Oh! it is absurd to have a hard-and-fast rule about what one should read and what one shouldn't. More than half of modern culture depends on what one shouldn't read.
The process of reading is not a half sleep, but in the highest sense, an exercise, a gymnast's struggle: that the reader is to do something for him or herself, must be on the alert, just construct indeed the poem, argument, history, metaphysical essay--the text furnishing the hints, the clue, the start, the framework.
Frederick Douglas taught that literacy is the path from slavery to freedom. There are many kinds of slavery and many kinds of freedom, but reading is still the path.
Be sure then to read no mean books. Shun the spawn of the press on the gossip of the hour. Do not read what you shall learn, without asking, in the street and the train.
Reading, after a certain age, diverts the mind too much from its creative pursuits.

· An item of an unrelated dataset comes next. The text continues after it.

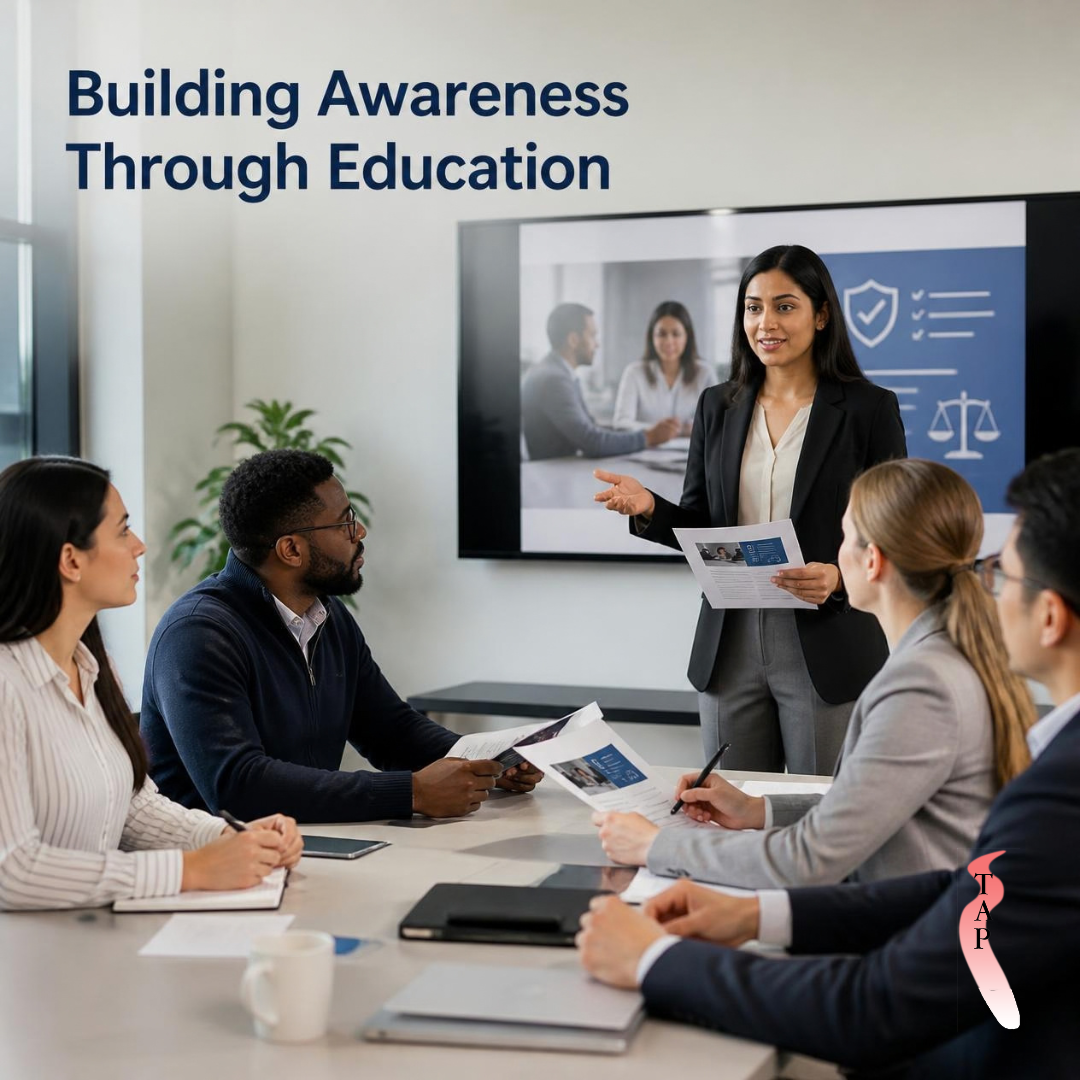 Preventing Sexual Harassment Through Employee Education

Any man who reads too much and uses his own brain too little falls into lazy habits of thinking.
A learned man is a sedentary, concentrated solitary enthusiast, who searches through books to discover some particular grain of truth upon which he has set his heart. If the passion for reading conquers him, his gains dwindle and vanish between his fingers. A reader, on the other hand, must check the desire for learning at the outset; if knowledge sticks to him well and good, but to go in pursuit of it, to read on a system, to become a specialist or an authority, is very apt to kill what suits us to consider the more humane passion for pure and disinterested reading.
I am so convinced of the advantages of looking at mankind instead of reading about them, . . . that I think there should be a law amongst us to set our young men abroad for a term among the few allies our wars have left us.
Every word we speak is million-faced or convertible to an indefinite number of applications. If it were not so we could read no book. Your remark would only fit your case, not mine.
In an article on Bunyan lately published in the "Contemporary Review" - the only article on the subject worth reading on the subject I ever saw (yes, thank you, I am familiar with Macaulay's patronizing prattle about "The Pilgrim's Progress") etc.
I have to say that my kids, like every child in America, is completely absorbed with Harry Potter. And so, I have gotten sucked into it, too; I can't wait for the next one to come out. I am trying to figure out what happens with Harry and Voldemort. So we have been reading that.